Mohammed Kabbaj Builds a Brutalist Villa on the Site of his Childhood Home in Casablanca
When the French took control of the Moroccan port of Casablanca a century ago, they set about transforming it into a showcase of colonial power. The city they left to an independent Morocco in 1955 was not only the country’s largest but also its most modern, a well-planned metropolis with an array of distinguished 20th-century architecture—a legacy that Casablanca’s designers have continued to build on. “Today, the houses are very minimalistic—white boxes with holes cut out of them,” architect Mohammed Kabbaj says of his hometown’s dominant residential style, which grew out of Le Corbusier’s early, machines-for-living aesthetic, itself inspired by indigenous North African architectural forms. The principal of Mohammed Kabbaj Architects is influenced by Le Corbusier, too. But as a glance at the two-story villa he recently completed for his family, it is Corbu’s later brutalist phase (from béton brut, or rough concrete, the master’s favored material after World War II) that has affected Kabbaj more. “I was trying for something more sculptural, more personal than the typical modernist house,” he acknowledges.
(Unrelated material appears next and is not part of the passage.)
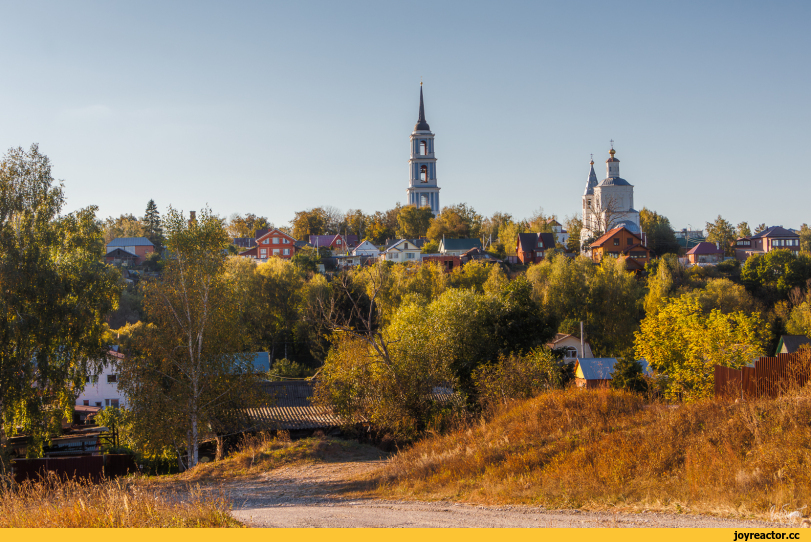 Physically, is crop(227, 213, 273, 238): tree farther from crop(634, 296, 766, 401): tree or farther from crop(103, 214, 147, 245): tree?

“Brutalism was huge here in the ’60’s and ’70’s,” Kabbaj continues. “The large concrete buildings, where structure and raw materials are celebrated, had a big impact on me.” Along with Corbusier, the architects he most admires—Louis Kahn, John Lautner—all worked in that tradition. But perhaps his strongest influence was Jean-François Zevaco, a Casablanca-born French architect, often referred to as the Moroccan Oscar Niemeyer. “Zevaco designed an amazing house for my father in the ’70’s,” Kabbaj recalls. “Watching them collaborate is what first drew me to the profession.”
But Kabbaj grew up in a French 1940’s bungalow. The new 8,000-square-foot, four-bedroom house he designed sits on its exact footprint. “I gave myself permission to tear down my childhood home as long as I replaced it with something better,” he states. He was also determined not to touch a single tree on the lushly planted corner lot, even creating a hole in the roof overhang so the branches of an enormous Ficus elastica he climbed as a boy need not be trimmed.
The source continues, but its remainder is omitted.